See ImprimisRx, LLC v. OSRX, Inc., No. C21-1305, 2023 WL 7029210, at *4 (S.D. Cal. Oct. 24, 2023) (“[M]ere designation as ‘confidential’ or ‘for attorneys’ eyes only’ ... does not provide a compelling reason that justifies sealing.”).
Defendant's sealed exhibits consist of emails about a then-proposed application for the patent in this matter (the '985 patent). As that application is no longer pending, the unsealing of these emails cannot jeopardize its success. 
 
See ImprimisRx, at *3 (denying sealing of “prior product offerings and strategy presentations” where “the information does not appear to be sensitive in the present day”); cf. Edtronic, Inc. v. Axonics Modulation Techs., Inc., No. C19-2115, 2023 WL 6813743, at *2 (C.D. Cal.

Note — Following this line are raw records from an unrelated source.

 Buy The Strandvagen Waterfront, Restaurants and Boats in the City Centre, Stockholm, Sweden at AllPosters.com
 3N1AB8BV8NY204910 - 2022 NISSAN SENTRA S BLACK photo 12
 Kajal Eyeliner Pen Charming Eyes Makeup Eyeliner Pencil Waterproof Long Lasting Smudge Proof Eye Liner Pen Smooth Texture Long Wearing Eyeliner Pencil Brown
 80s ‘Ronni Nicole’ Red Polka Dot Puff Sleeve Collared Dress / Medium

Aug. 31, 2023) (sealing “non-public technical information related to the accused products, competitive financial information, and information related to future patent applications” (emphasis added)). Nor has Plaintiff explained (beyond conclusory assertions) how unsealing the information at issue would cause injury. See Kelley v. Microsoft Corp., No. C07-475, 2008 WL 11506733, at *3 (W.D. Wash. Feb. 26, 2008) (“Disclosure of employees’ internal dialogue regarding development of the marketing program may be embarrassing to [defendant], but it will not reveal any proprietary or competitive commercial information that should be kept secret from the public.”). The Court appreciates that the proposed redactions appear to be minimal. See LCR 5(g)(3)(B)(iii). Still, Plaintiff has not demonstrated a legitimate interest that warrants sealing or what injury would result if the information is not sealed. See LCR 5(g)(3)(B)(i)–(ii).

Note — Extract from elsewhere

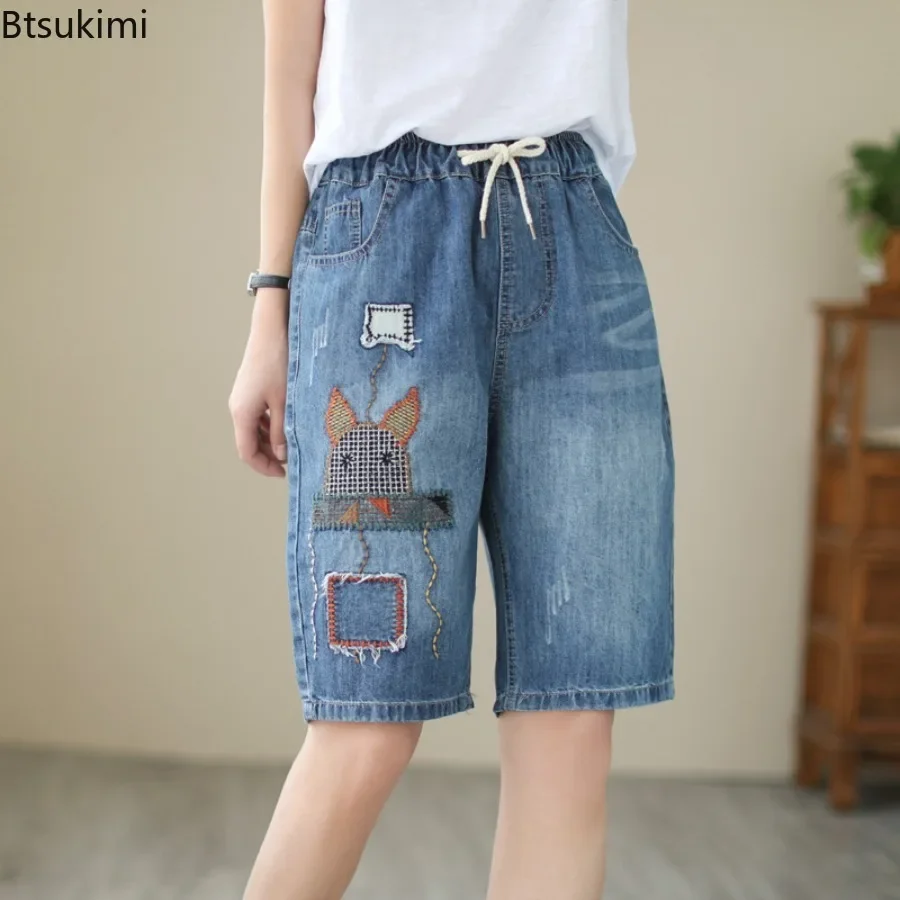 2024 Fashion Women's Summer Jeans Funny Embroidery Vintage Broken Holes Straight Pants Females Loose Casual Pockets Denim Shorts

*3 Moreover, Plaintiff's authorities are inapplicable. In some cases, the court granted motions to seal materials containing specific business or financial information that posed a present harm. See J.R. Simplot Co. v. Wash. Potato Co., No. C16-1851, 2016 WL 11066581, at *1 (W.D. Wash. Dec. 29, 2016) (sealing “various debt ratios” and “a consolidated balance sheet,” as well as a company's “annual pea production, annual pea sales, and internal pricing and sales strategies”); Clean Crawl, Inc. v. Crawl Space Cleaning Pros, Inc., No. C17-1340, 2019 WL 6829886, at *1 (W.D. Wash. Dec. 13, 2019) (sealing “specific historical, present, and projected financial data” as well as “marking and advertising techniques and budgets, sales and distribution figures, and financial figures and projections”). In other cases, the court granted some motions to seal but denied others where materials did not contain similar sensitive information. See Clearly Food & Beverage Co., Inc. v. Top Shelf Beverages, Inc., 102 F. Supp. 3d 1154, 1178 (W.D. Wash. 2015) (denying sealing under “good cause” standard where “brief does not mention any trade secrets, confidential information, marketing strategies, or business plans of either party,” but sealing exhibits that contained “confidential financial projections, marketing strategies, and business plans”); Primus Grp., Inc. v. Inst. for Env't Health, Inc., 395 F. Supp. 3d 1243, 1267 (N.D. Cal. 2019) (denying sealing of “detailed discussion” of “field and laboratory protocols,” but sealing emails discussing “costs and pricing practices that are not generally known to [plaintiff's] customers and competitors”). Here, the sealed materials do not contain similar financial data or other marketing or strategic information about Plaintiff's ongoing business activities, such that unsealing would injure Plaintiff.
IV. CONCLUSION
Accordingly, the Court DENIES Defendant's Motions to Seal (Dkt. Nos. 98, 105). The Clerk SHALL unseal the documents filed at Dkt. Nos. 98 and 107.

Footnotes

The Court notes that the Ninth Circuit has not determined whether the applicable standard for sealing a motion to amend (and its accompanying exhibits) is the “compelling reasons” standard or the less-stringent “good cause” standard. See Kamakana, 447 F.3d at 1180. Courts in this Circuit appear divided on the question. 
 
Compare, e.g., GoDaddy.com LLC v. RPost Commc'ns Ltd., No. C14-126, 2016 WL 1158851, at *2 (D. Ariz. Mar. 24, 2016) (applying the “good cause” standard) with Jones v. PGA Tour, Inc., No. C22-4486, 2023 WL 2167400, at *1 (N.D. Cal. Feb. 21, 2023) (applying the “compelling reasons” standard and observing disagreement among courts).